A Associação Espanhola de Biomassa publicou seu relatório mais recente sobre redes de aquecimento e resfriamento movidas a biomassa na Espanha, com dados até 2022, apresentados tanto em termos gerais quanto discriminados por comunidades autônomas e províncias. Desde o último levantamento, em 2021, 46 novas redes foram construídas.
Os cavacos de madeira são o biocombustível mais utilizado, seguidos pelo bagaço de azeitona e pelos pellets. No total, as redes de aquecimento e refrigeração movidas a biomassa consomem cerca de 200.000 toneladas de biocombustíveis por ano .
Em 2020 e 2021, a maioria das novas instalações eram sistemas de pequena capacidade, provavelmente devido à pandemia. Em contrapartida, 2022 registrou menos instalações do que nos anos anteriores, porém com maior capacidade unitária.
A Catalunha e Castela e Leão continuam a liderar em termos de número de redes e capacidade instalada . A Catalunha possui 218 instalações (93,5 MW), representando 45,5% de todas as redes inventariadas. Castela e Leão possui 69 redes e 141,5 MW de capacidade instalada, mais de 30% da capacidade total da Espanha.
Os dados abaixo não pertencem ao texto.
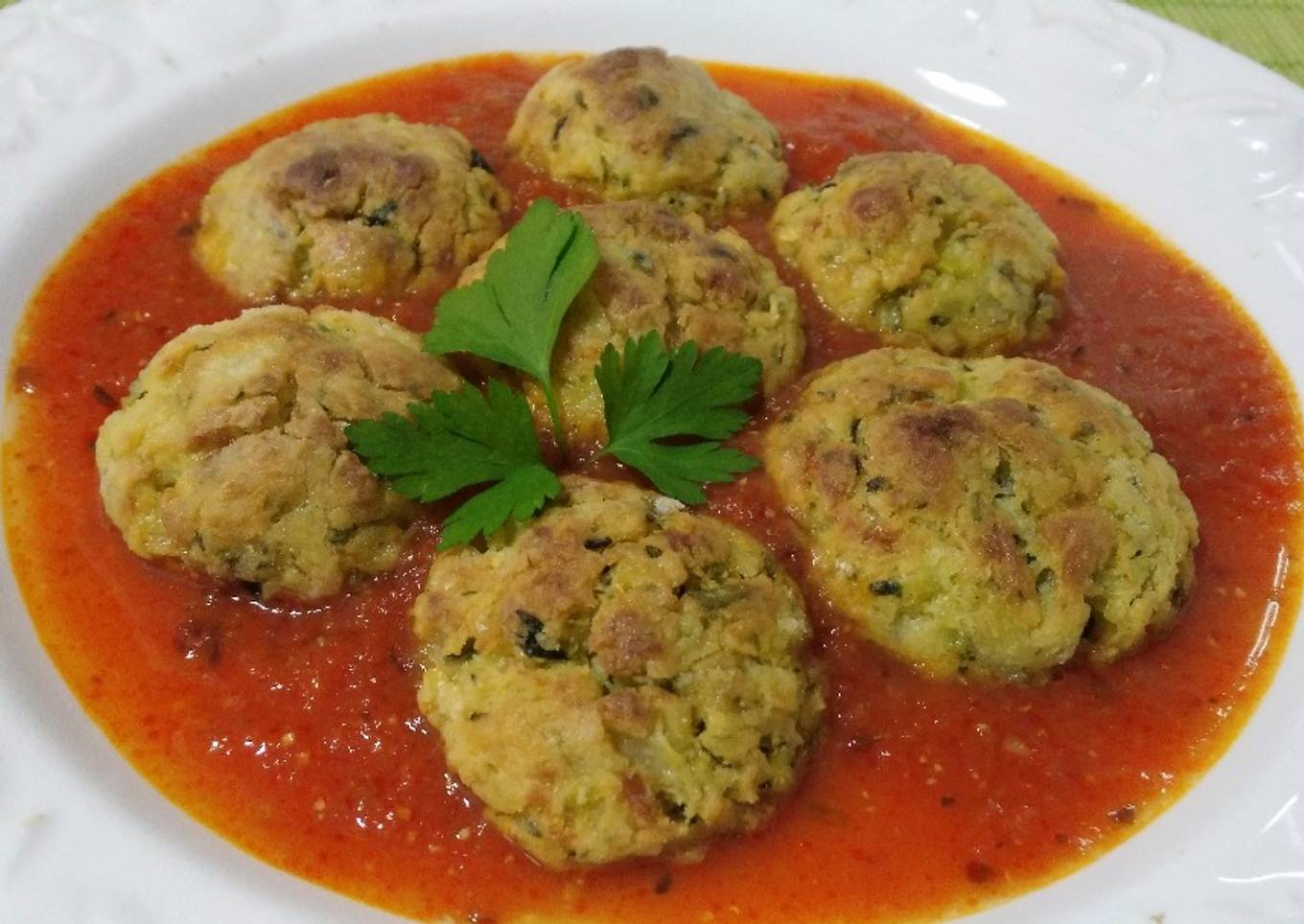 Albóndigas de calabacín con salsa de tomate casero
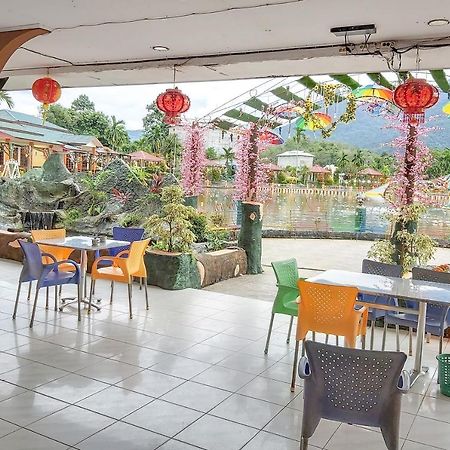 OYO 3196 Hotel Taman Cinta Singkawang Exterior foto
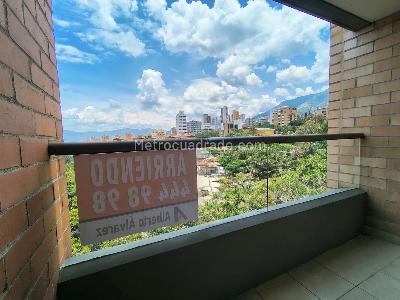 Apartamento de 3 alcobas en arriendo en San Lucas, Medellín, 81 m² · foto 2 de 13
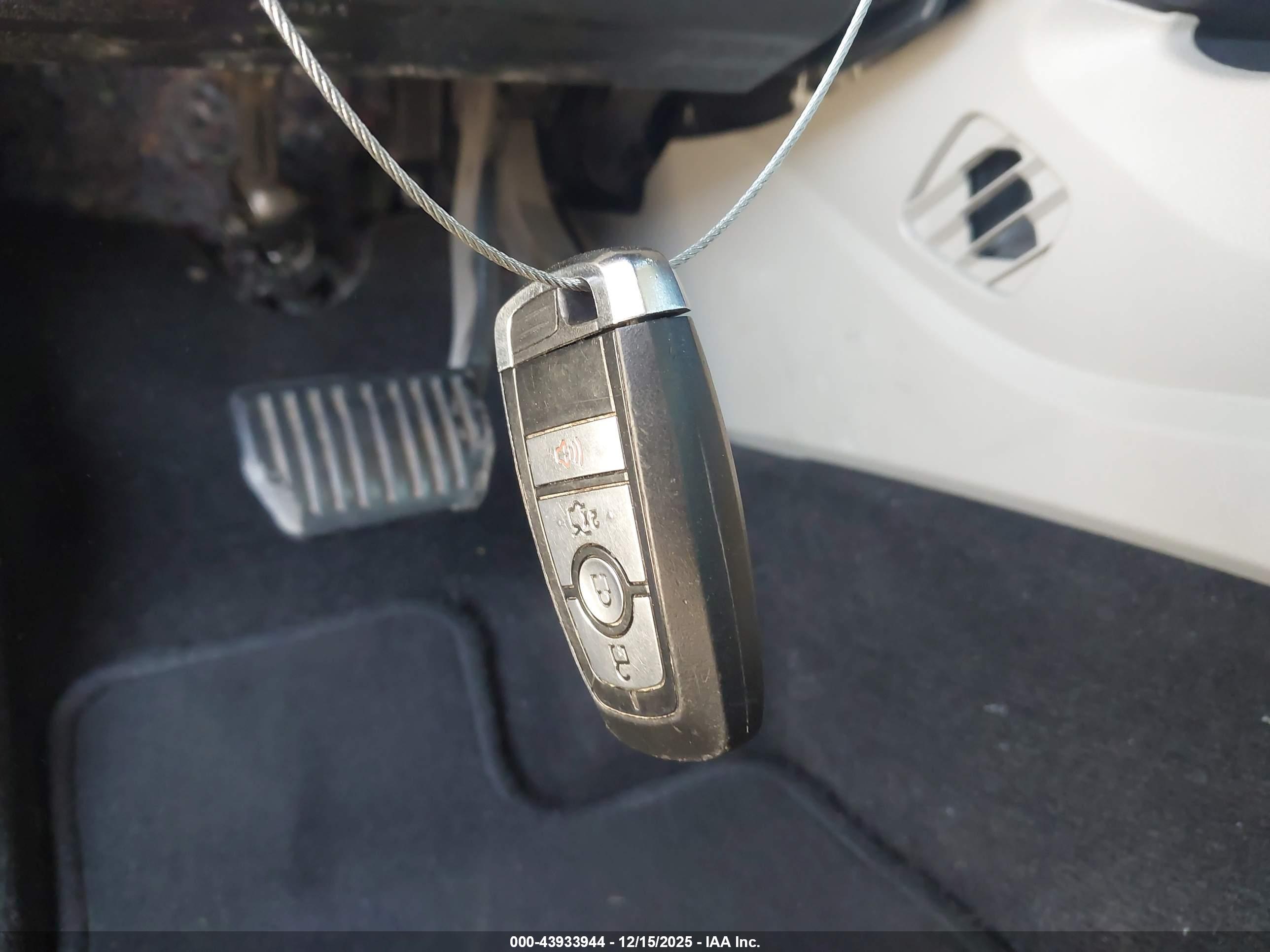 FORD FUSION image 11
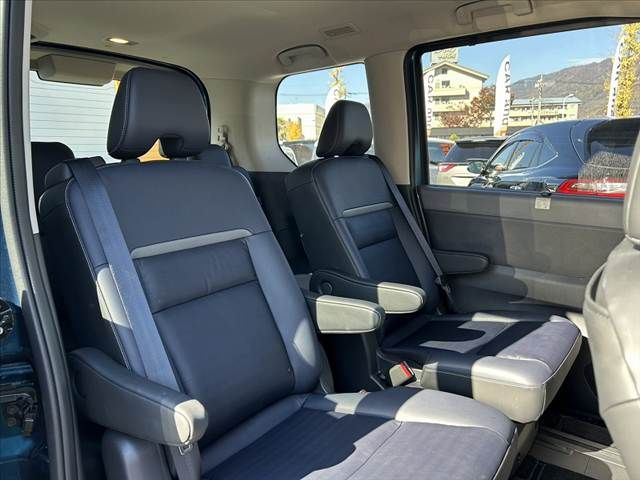 NISSAN SERENA  WG 2024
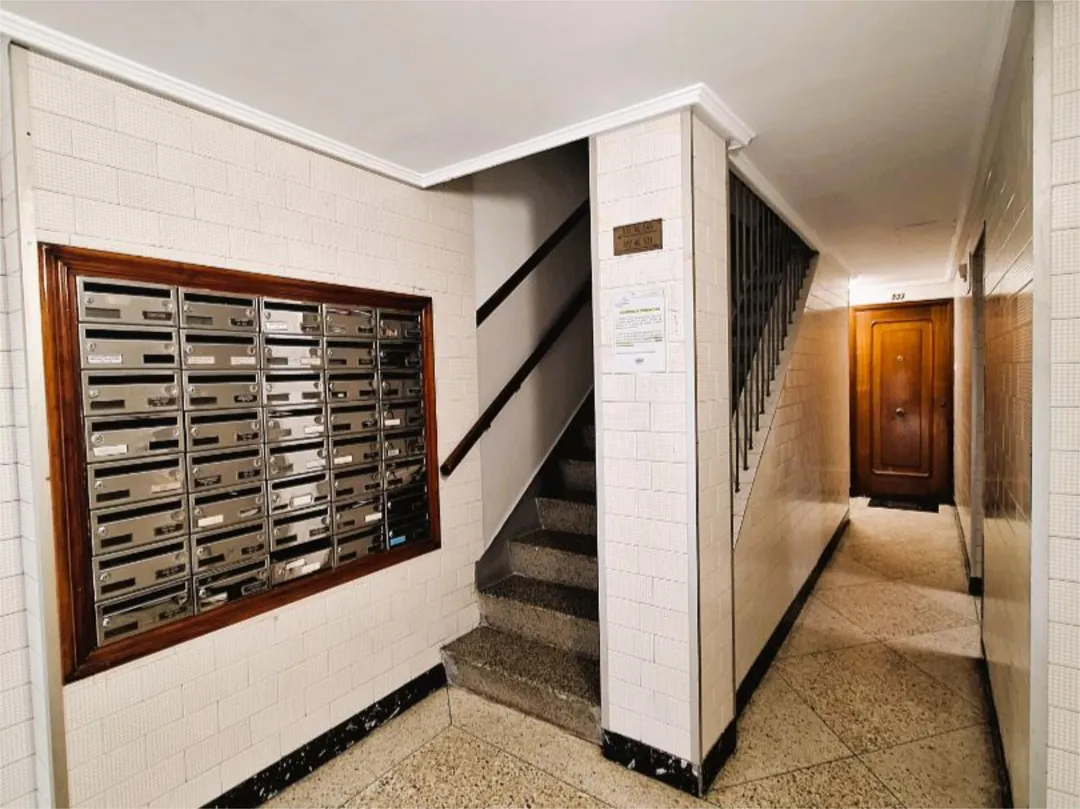 Piso en  Calle Monasterio de Cines 2 - Foto 9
Cada um deles segue modelos e estratégias de promoção diferentes . Enquanto na Catalunha os conselhos provinciais e regionais promovem a construção de redes em pequenos municípios, conscientes da gestão e utilização do seu património florestal, em Castela e Leão, a empresa pública SOMACYL, através de acordos com municípios interessados, e iniciativas privadas estão por detrás de projetos de grande escala nas capitais provinciais e noutras cidades.
Vale destacar que apenas 10 redes oferecem armazenamento refrigerado, sendo que quatro delas estão localizadas nas Ilhas Baleares.
O futuro das redes de aquecimento urbano movidas a biomassa na Espanha:
Empresas e desenvolvedores como Veolia, Engie, REBI, DH Ecoenergías e SOMACYL continuam avançando com novos projetos em diversas cidades espanholas. Durante a mesa-redonda sobre redes de aquecimento urbano, organizada na EXPOBIOMASA 2023 pela AVEBIOM e ADHAC, seus representantes compartilharam com o público sua visão sobre a integração dessa infraestrutura na geração de energia térmica para os cidadãos nos próximos anos.
Um campo interessante está se abrindo para aumentar a eficiência e reduzir o consumo de energia primária em redes através da hibridização da biomassa com outras tecnologias renováveis e com a injeção de calor residual industrial em redes existentes e recém-construídas.
A eletrificação do parque habitacional existente é considerada difícil tanto do ponto de vista técnico quanto econômico. No entanto, as redes de aquecimento urbano poderiam ser convertidas em sistemas de armazenamento de energia elétrica.
Entre as necessidades que o setor de aquecimento urbano precisa ter atendidas para acelerar sua implementação, estão a definição de um quadro regulatório específico; a consideração das infraestruturas como serviços públicos de interesse geral, a fim de agilizar a concessão de licenças; e a redução do IVA sobre o calor gerado em redes de biomassa.
Apesar das dificuldades, o objetivo da UE de descarbonizar a economia exige a exploração de todas as vias possíveis, e as redes de aquecimento movidas a biomassa são, sem dúvida, uma das que serão desenvolvidas nos próximos anos.